<< News Scan | Main | News Scan >>


Retardation and Double Jeopardy

| 3 Comments
The U.S. Supreme Court today issued orders after its Friday conference, granting certiorari in six cases: four civil, one criminal, and one quasi-criminal. Lyle Denniston summarizes all six at SCOTUSblog. The quasi-criminal case is named Nijhawan v. Mukasey, No. 08-495 for the time being. It has to do with deportation for frauds over $10,000 and who decides the amount of the loss.

The criminal case is Bobby v. Bies, No. 08-598. The Sixth Circuit opinion is Bies v. Bagley, 519 F.3d 324 (2008). The Ohio Supreme Court opinion on direct appeal is State v. Bies, 658 N.E.2d 754 (1996).

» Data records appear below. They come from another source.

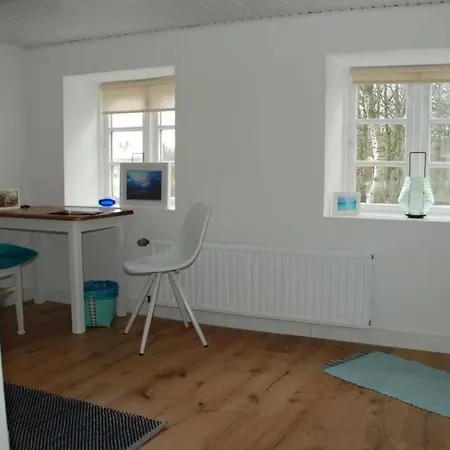 Between The Seas Comfortable Holiday Holiday home Klixbull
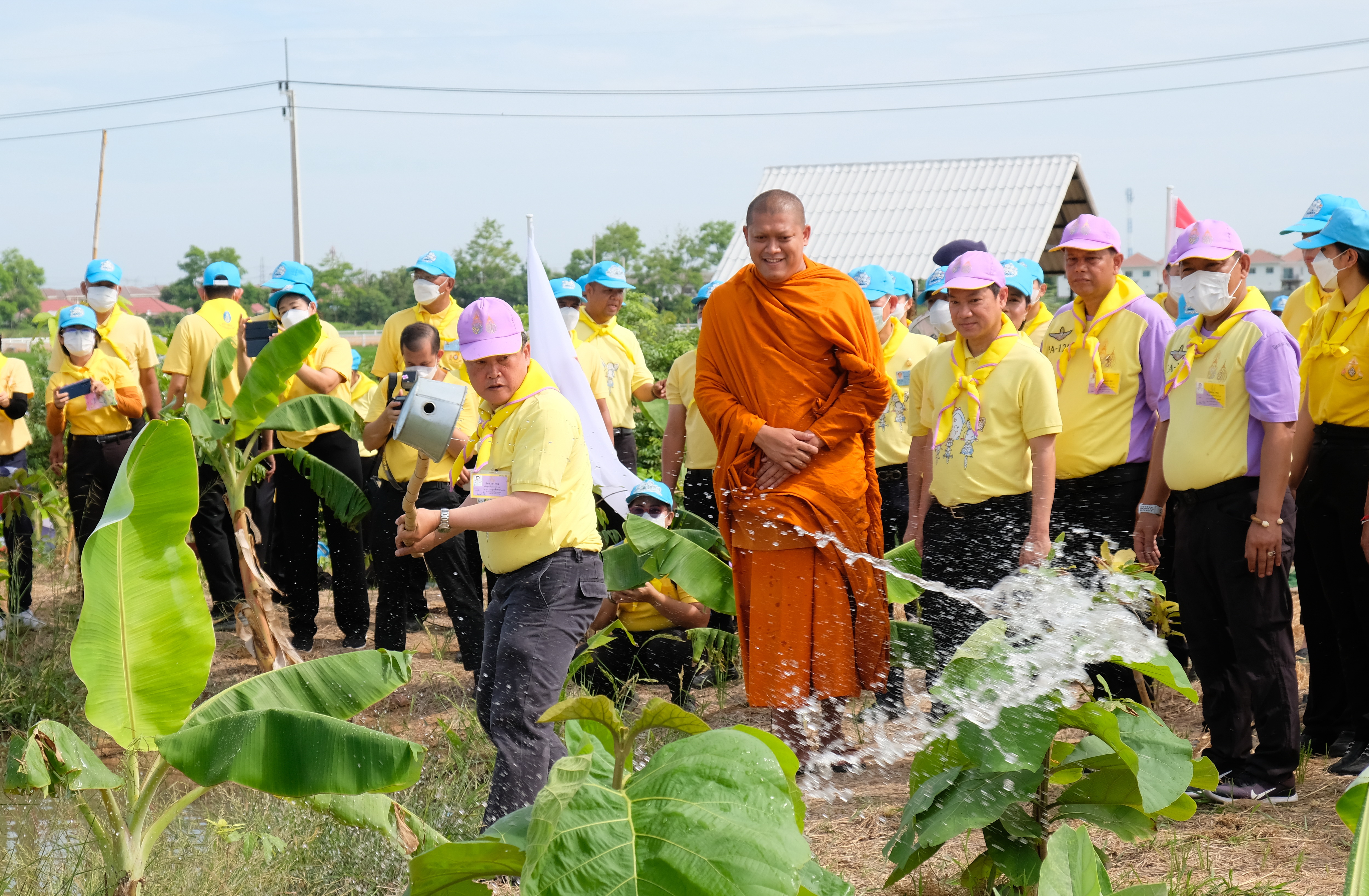 พช.ปทุมธานี “ร่วมกิจกรรมจิตอาสาพัฒนาพื้นที่โครงการ โคก หนอง นา สัปปายะและรมณียสถาน สถานปฏิบัติธรรม สมเด็จพระสังฆราช (อมพรมหาเถร) เนื่องในโอกาสสมเด็จพระอริยวงศาคตญาณ สมเด็จพระสังฆราช สกลมหาสังฆปรินายก ทรงเจริญพระชนมายุครบ ๘ รอบ ๙๖ พรรษา”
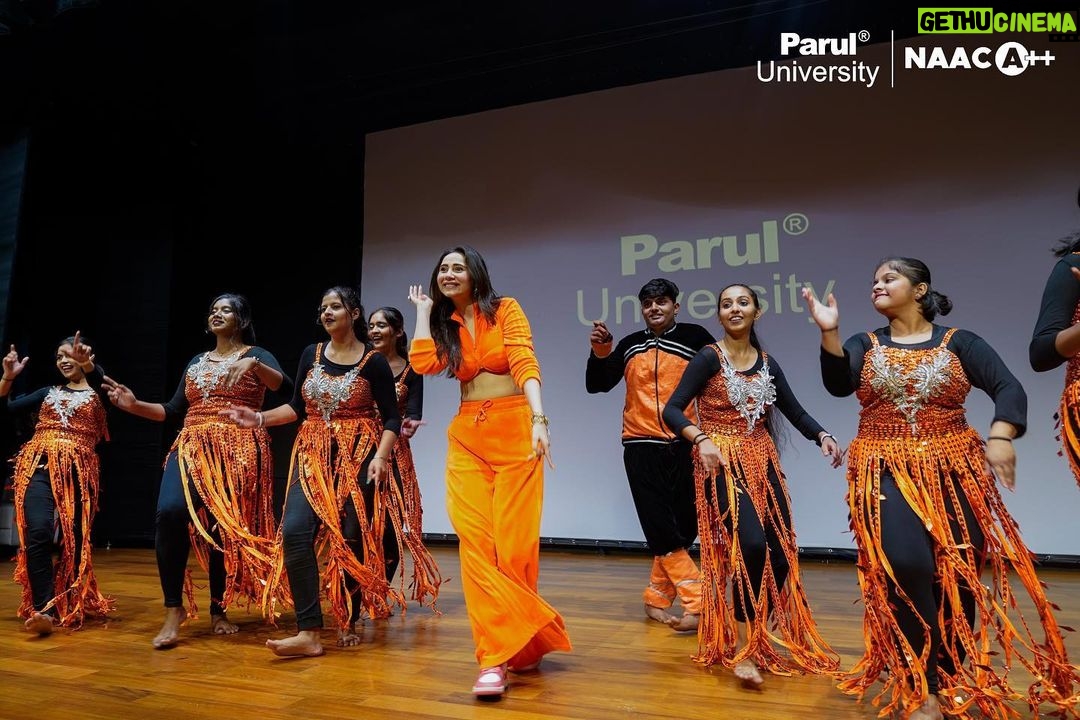 Zara Khan Instagram - Her charm definitely made our hearts swing with love on stereo!🥰🎧 Our students had a great time dancing with Zahrah Khan to the tunes of her latest song, #LoveStereoAgain, and were truly amazed by her energetic performance. They clearly enjoyed the event to its fullest. 🥳 Here are some stills from her visit to our campus yesterday!💞 @reedanshpatelofficial @nikhilkothari88 @tigerjackieshroff @edwardmayaofficial Vadodara, Gujarat, India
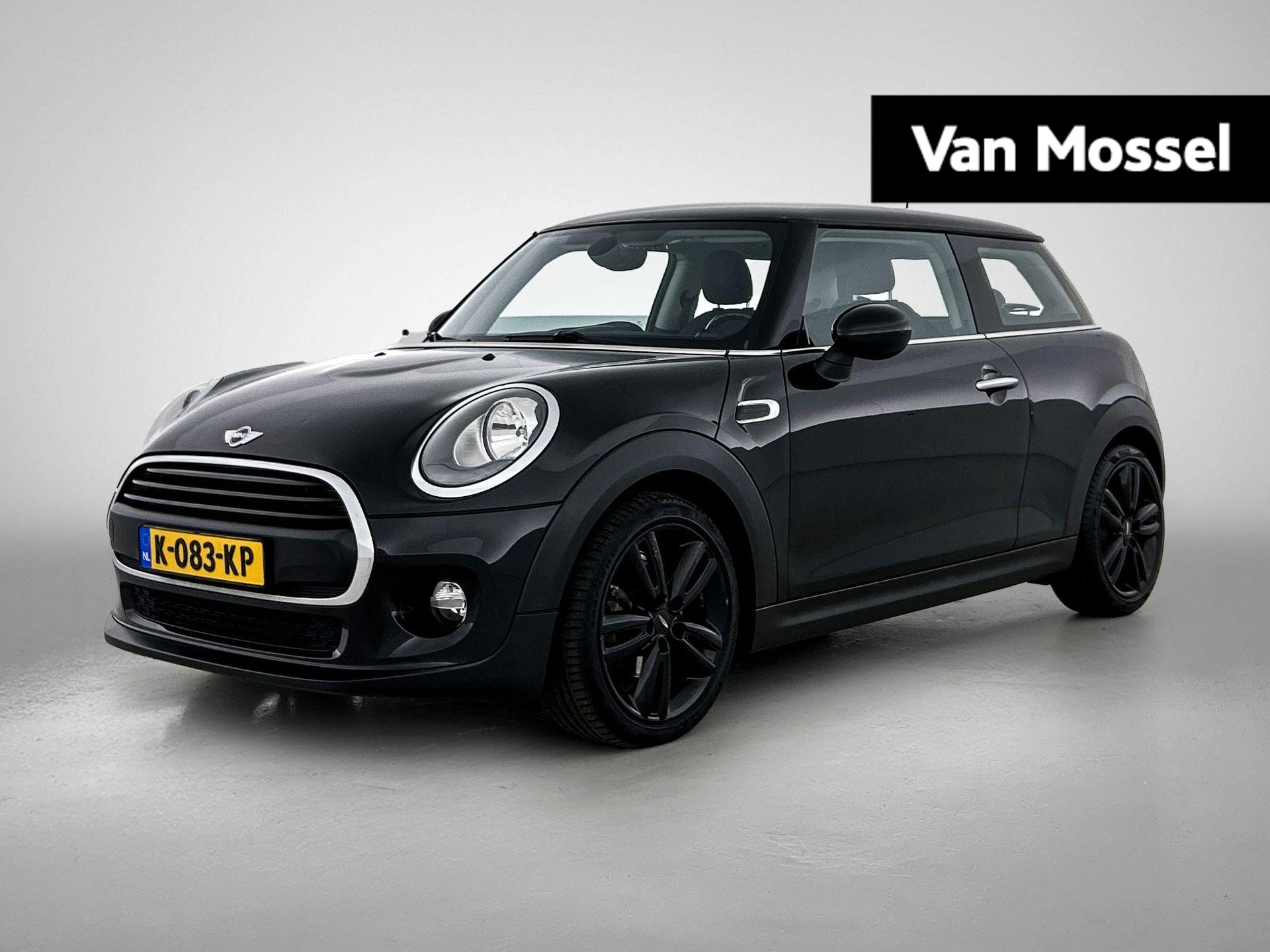 MINI 3-Deurs met kenteken 47100 – autofoto 2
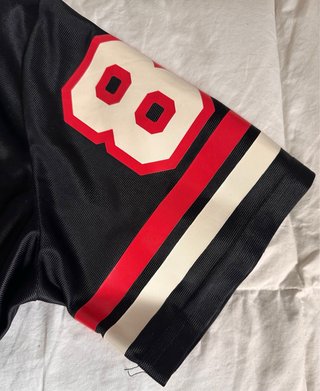 Camiseta Guess Crop Top Estilo Fútbol Americano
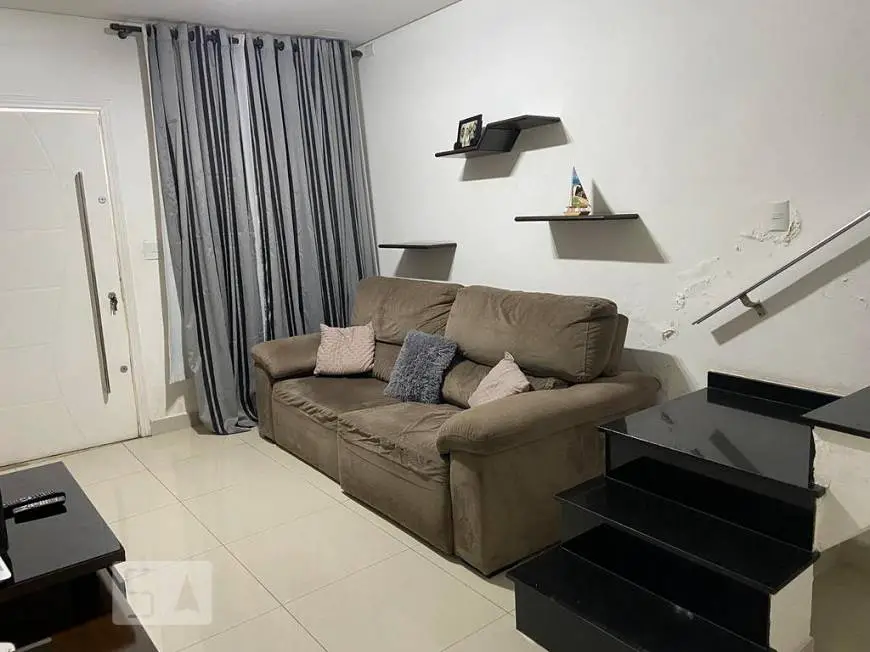 Foto 1 de Casa com 3 Quartos para alugar, 300m² em Vila das Mercês, São Paulo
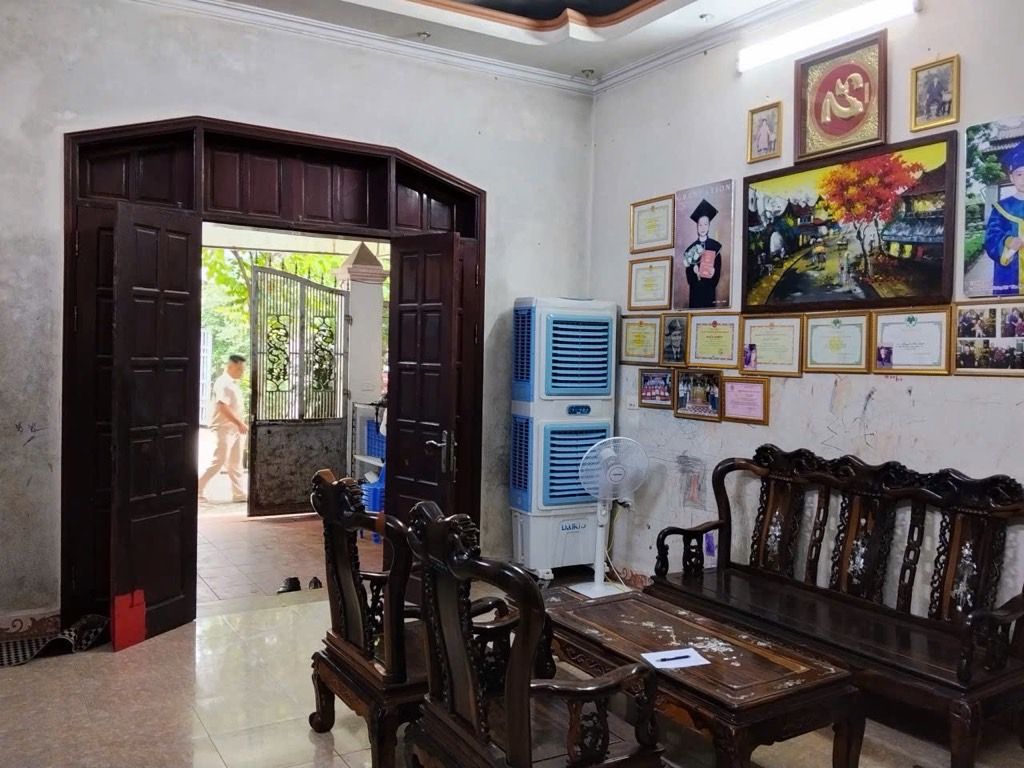 Bán nhà Hoàng Liệt - diện tích 91m2 3 tầng - Ô tô tránh - giá 20 tỷ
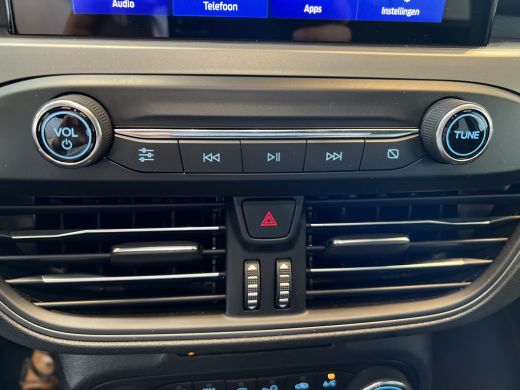Ford FOCUS Wagon Ford 1.0 EcoBoost Hybrid ST Line Style | Full-LED koplampen | Lichtmetalen velgen 17" | Navigatie... ActivLease financial lease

Bies is on one of the lower rungs of the intellectual ladder. Whether he is actually retarded has been disputed throughout the litigation. His IQ tested at 69, which is pretty much a coin-toss given a margin of error of +- 5 and a presumptive threshold of 70. Before Atkins v. Virginia, 536 U.S. 304 (2002), the difficult question of which side of the nebulous line he falls on didn't really matter. Being on the ragged edge was a mitigating factor to be weighed against the aggravating under Penry v. Lynaugh, 492 U.S. 302 (1989), and the weight was not appreciably different whether he just barely met or just barely did not meet the clinical criteria for the diagnosis of "mildly retarded."
Bies's expert, Dr. Donna Winter, "evaluated Bies's I.Q. as being in the range of mildly to borderline mentally retarded." That's sloppy terminology. There is no category of "borderline mentally retarded." The DSM-IV-TR recognizes mild, moderate, severe, and profound retardation. The next step up from mildly retarded is borderline intellectual functioning. "Differentiating Mild Mental Retardation from Borderline Intellectual Functioning requires careful consideration of all available information" (p. 48). It doesn't appear from the published opinions that such a differentiation was made or needed to be made by the expert, by the jury, or by the Ohio Supreme Court.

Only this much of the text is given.